Набиваю Лёшке Зимину: «У твоего Сашки есть приятель по имени Коля?»
Ответ: «Лучший кореш из лицея. Вот данные».
Говорю в трубку: «Очень приятно, Николай. Так какие у вас сведения?»
«Сведения — о вашем, простите, любовнике. Ну, он так утверждает, что у вас было с ним... соитие».
Возмущаюсь: «Что? Тьфу, какая мерзость!»
Коля: «Да, мы тоже думаем, что это какие-то нездоровые инсинуации».
Я: «Конечно, нездоровые! Да это просто извращение — чтобы одно человеческое существо совало в другое человеческое существо. Это хуже, чем каннибализм!»
Коля (в некотором замешательстве): «Эээ... Нет, ну если мужчина в женщину, то...»
Отвергаю безапелляционно: «Гадость! Нет. Только — енотов. Они — пушистые».
Коля: «Вы сейчас серьёзно?»
Я: «Конечно, Крошка Енот (слышу фырканье на том конце: да, разумеется, там компания сидит).

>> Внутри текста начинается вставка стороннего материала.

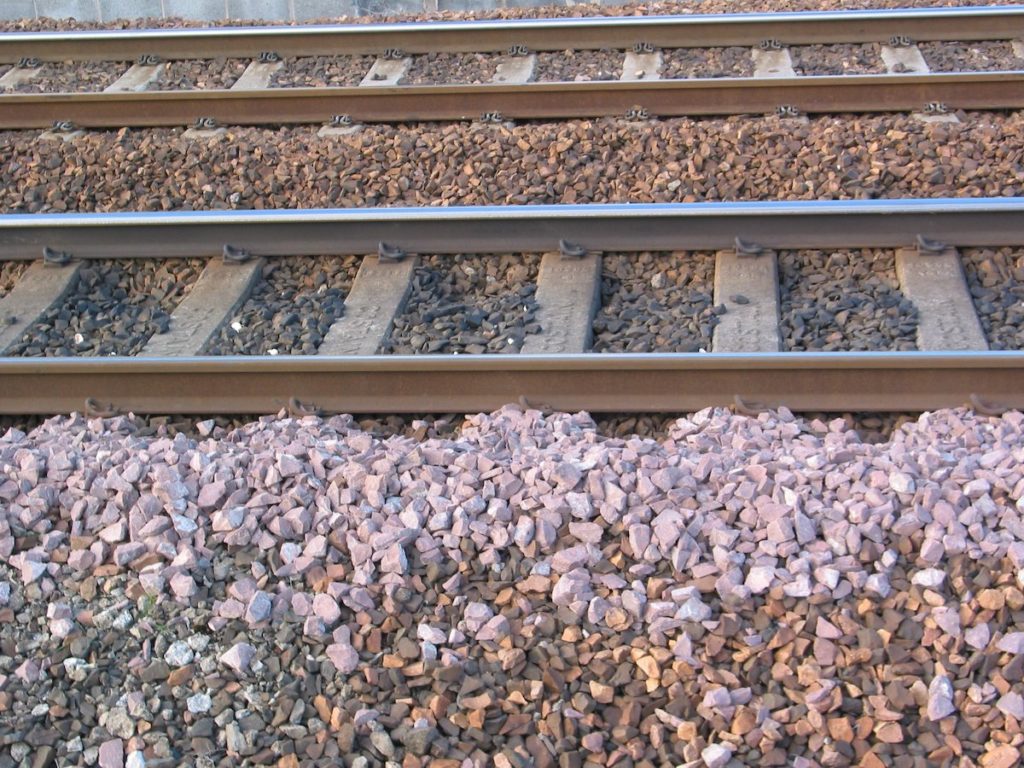 Railway tracks with track ballast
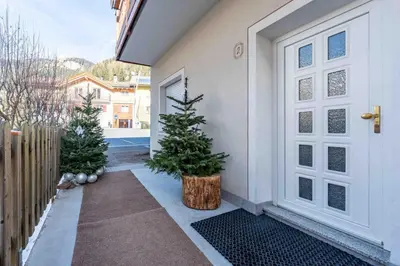 two christmas trees are sitting in front of a door at Cesa Primula in Canazei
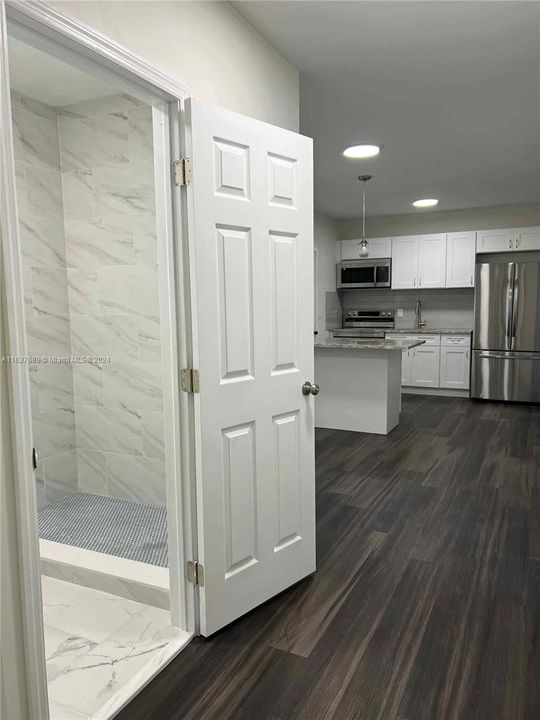 Hallway entrance to bathroom with view to kitchen.
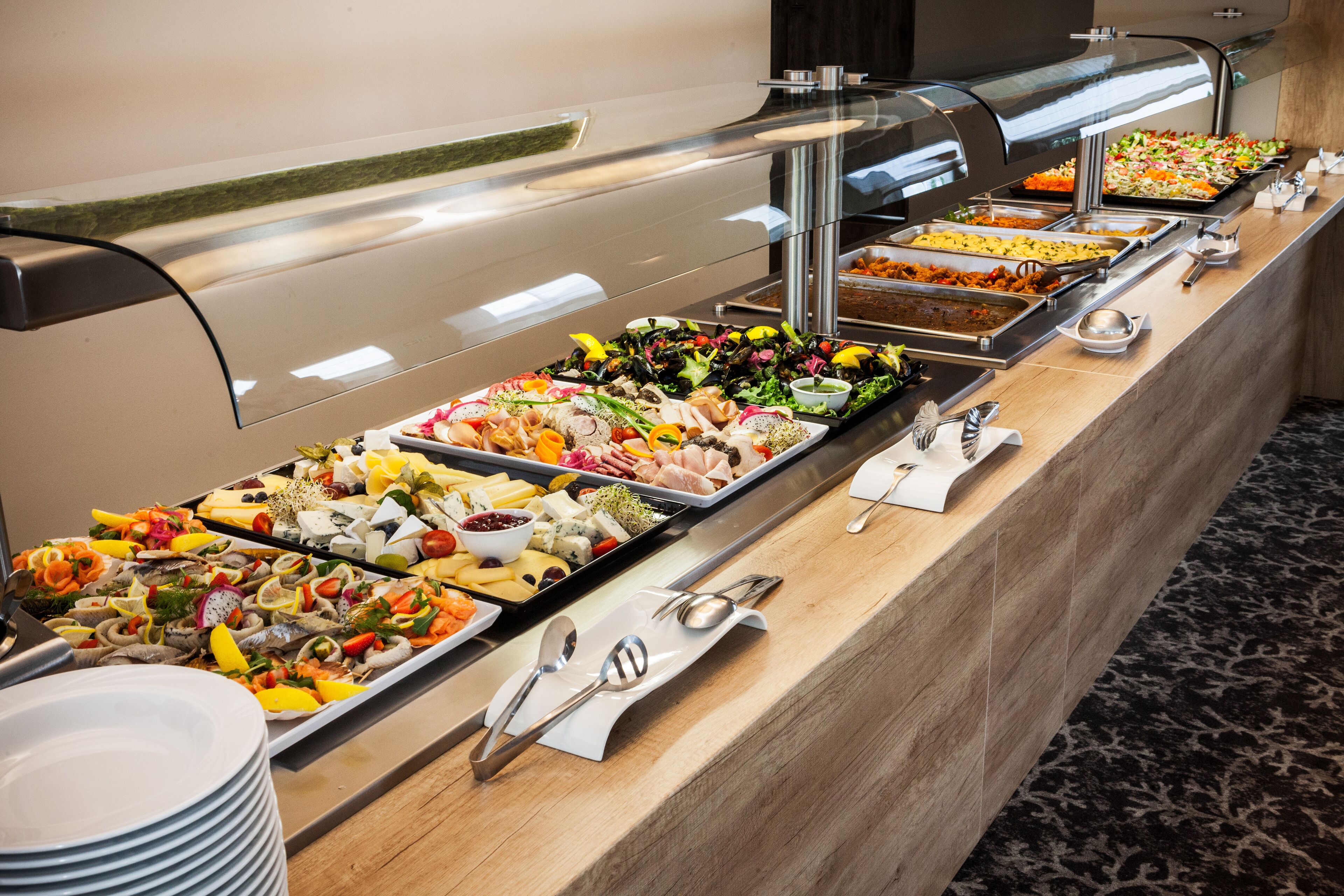 A buffet with various food items and utensils.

Ладно, извини, у меня тут звонок по второй линии — мы с тобой потом закончим».
Выждав пару минут, звоню Коле уже не на левый номер, с которого он мне звонил — а на его основную мобилу, предоставленную Лёхой.
«Так вот, Крошка Енот, тут намечается барбекю на моей Гасиенде, и Сашка приглашается (да-да, его сопение у тебя под боком - ни с чем не спутаешь!), ну и ты велкам, что ли».
Почему я так охотно и беззаботно трепался с этими малолетками?
Ну потому, что сразу было ясно, что это наши, всё же, малолетки, что они не будут использовать материалы, добытые в этой беседе, во вред нам. Соответственно, можно поприкалываться.
Но на звонок хрен знает от кого, от слишком широкого круга лиц, когда конкретно этот мой номер мог уйти в публичные «прозвонные» базы? Да конечно — я просто не возьму трубку.
Или — изволь предварять такой звонок текстом.
Если не способен догадаться делать это — то нахрен ты мне нужен, такой недогадливый?
Но когда «спецслужбисты» хватаются за трубку в семь утра, «как разведёнка за хуй», и готовы верить любой херне, что там звучит — конечно, это печально. Для режима, для Кремля.
Я давно говорю, что они клоуны. Грустные клоуны. Пьеро.
У них, фактически, нет армии. Нет спецслужб. Нет никого, на кого бы они могли положиться — и кто не предаст, не продаст или попросту не окажется слишком хлипким, чтобы можно было на него полагаться, без моментальных трещин.
Честно, я бы не хотел оказаться на месте Путина. Это — реальный ад, зависеть от слюнявых идиотов, когда не можешь привлечь на свою сторону никого иного.
Но это ад, который он сам себе выбрал, сам себе создал.